## College Algebra (11th Edition)

The parent function is $f(x)=(\frac{1}{3})^x$ (with green) the given function is $g(x)=(\frac{1}{3})^{x+3}-2$ (with blue). The parent function can be graphed by calculating a few coordinates and connecting them with a smooth curve: $f(-2)=(\frac{1}{3})^{-2}=9$ $f(-1)=(\frac{1}{3})^{-1}=3$ $f(0)=(\frac{1}{3})^0=1$ $f(1)=(\frac{1}{3})^1=\frac{1}{3}$ $f(2)=(\frac{1}{3})^2=\frac{1}{9}$ For every corresponding x-value the following equation is true: $f(x+3)-2=g(x)$ This means that the graph is translated 3 units left and 2 units down. ( $g(x)$ involves a horizontal shift of 3 to the left and also a vertical shift of 2 downwards.).

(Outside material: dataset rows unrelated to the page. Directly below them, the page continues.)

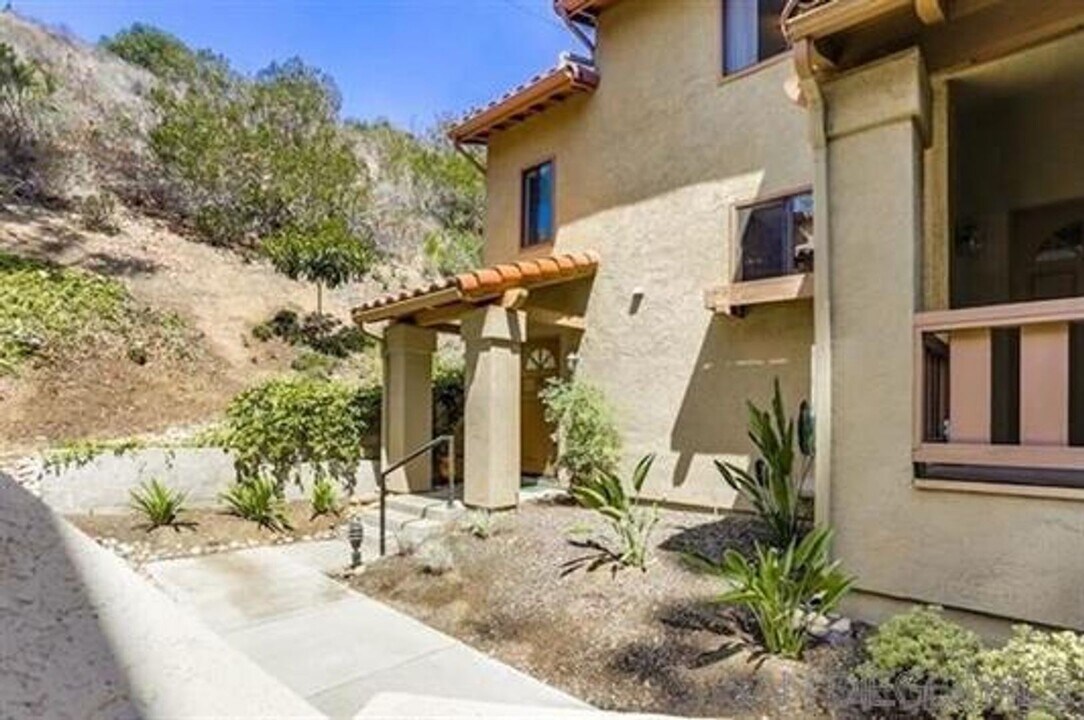 5838 Mission Center Rd in San Diego, CA - Building Photo
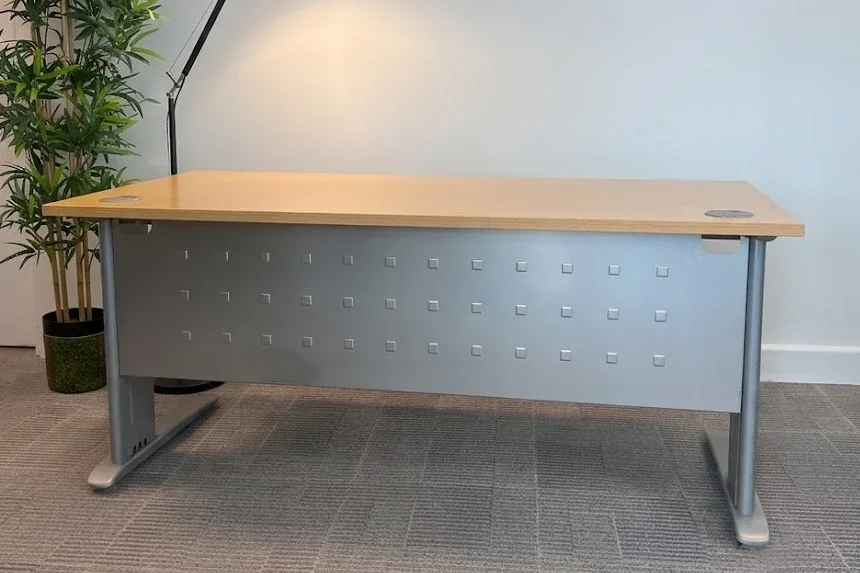 used light oak 160cm desk(1).webp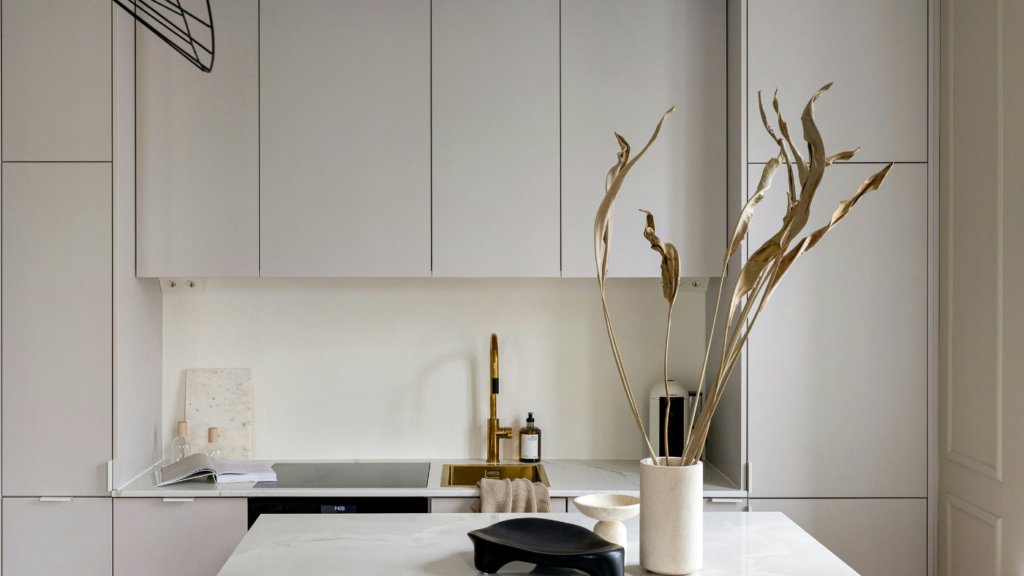 Tipos de muebles de cocina - muebles altos Muebles altos de cocina blancos sobre la encimera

First, the horizontal shift. We only consider the g(x) function as $g'(x)=\frac{1}{3}^{x+3}$ For example if $f(0)=1$ in the original $f(x)$, this will be equal to $g'(-3)=f(-3+3)=f(0)=1$. Here,$f(0)=g'(-3)$ also, $f(1)=g'(-2)$ We can see that here, each point in the parent function was moved to the left by 3 units. Second, we translate this $g'(x)$ function to get the originally given function. Now, the following equation is true: $g'(x)-2=g(x)$ Every $g'(x)$ value will be decreased by 2. For example if $g'(-3)=1$, this will be translated as $g'(-3)-2=1-2=-1$. We can see that here, the $g'(x)$ is greater than $g(x)$ for every corresponding x-value by 2.)